For eight years, between 1921 and 1929, there was a boom in the American economy. Business was doing well, sales increased, profits increased and the prices of shares rose. Ordinary Americans were investing money in the stock market (Wall Street), buying shares in companies which they hoped would make large profits.
All this came to an abrupt end with the Wall Street Crash in October 1929, and America fell into serious economic depression. But why was this?
1. Companies were producing too many goods. People had already bought lots of new things like cars, radios etc.
American goods could not be sold abroad because other countries had put tariffs (taxes) on them to make them more expensive.
When the demand for goods began to fall, workers' wages were cut and some workers became unemployed, which meant that they could no longer afford to buy the new consumer goods.
“ Not as many people use me when they lose their jobs. This is because companies made too many goods and people stopped buying them.

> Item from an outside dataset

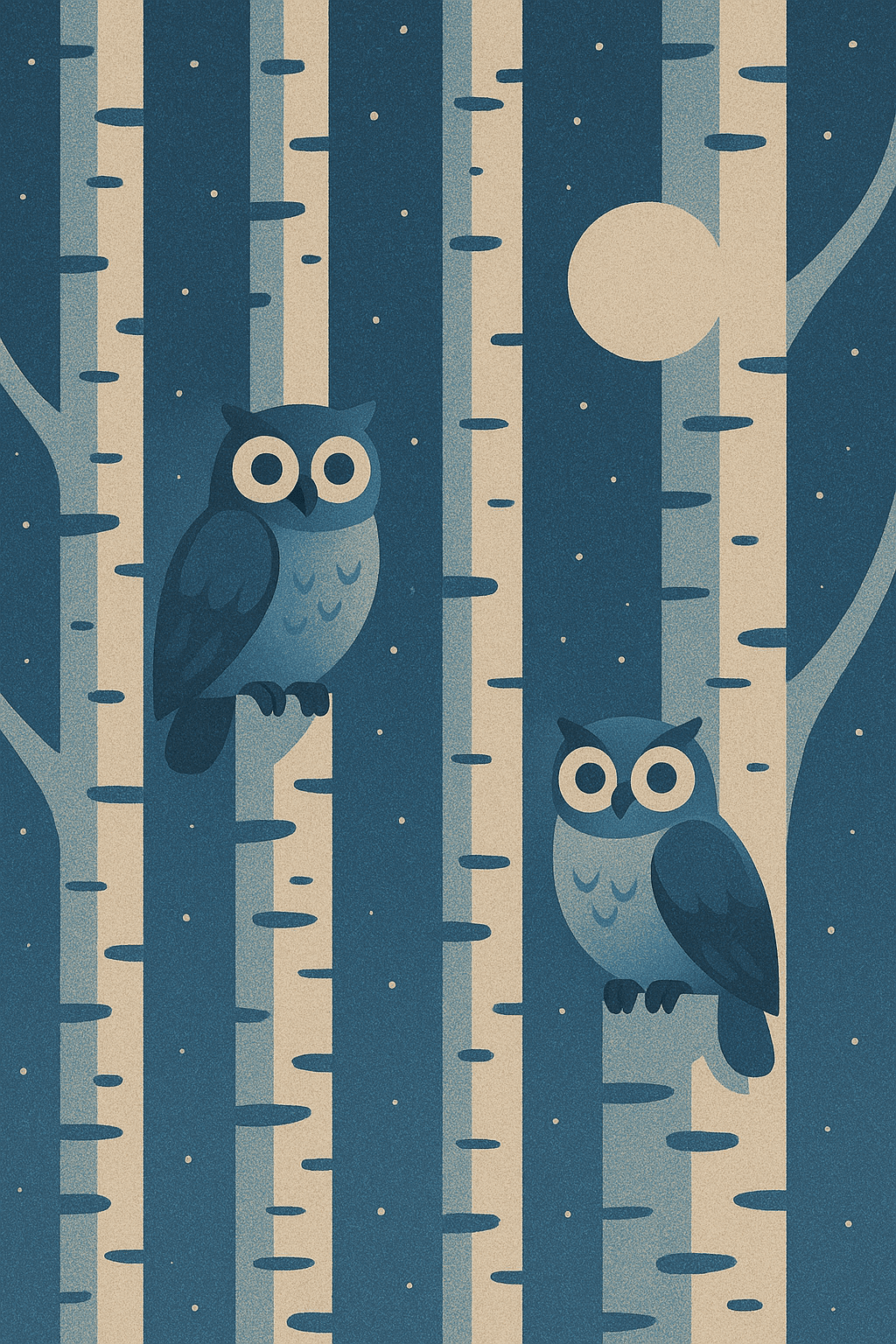 ChatGPT Image Oct 19, 2025, 12_26_49 PM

When people lose their jobs it means that there’s hardly any of us around!” A. US Dollar
The Knock On Effect: The workers who produced the parts that were essential for cars and radios eg: Rubber and transmitter industries also suffered
The overproduction of goods was also caused by the unequal distribution of wealth. People who could afford goods no longer wanted to buy them because they had already bought them. A survey showed that 60% of Americans could not even afford such goods as they were living in poverty. For such people the so called ‘boom’ had never been a reality.
“ The USA was a funny place. 60% of people were living in poverty and didn’t have much of me or my friends, only a much smaller percentage of people had lots of us and could afford to buy any goods.” A. US Dollar
People were allowed to borrow too much money and they could not afford to pay it back.
2. People had taken out loans or invested their savings in the stock market, but there were too few controls on the buying and selling of shares.
3. Advertising and hire purchase agreements were not controlled, and this encouraged people to spend more.
4. Too many people thought that share prices could only go up, which encouraged them to invest more than they could afford in the stock market.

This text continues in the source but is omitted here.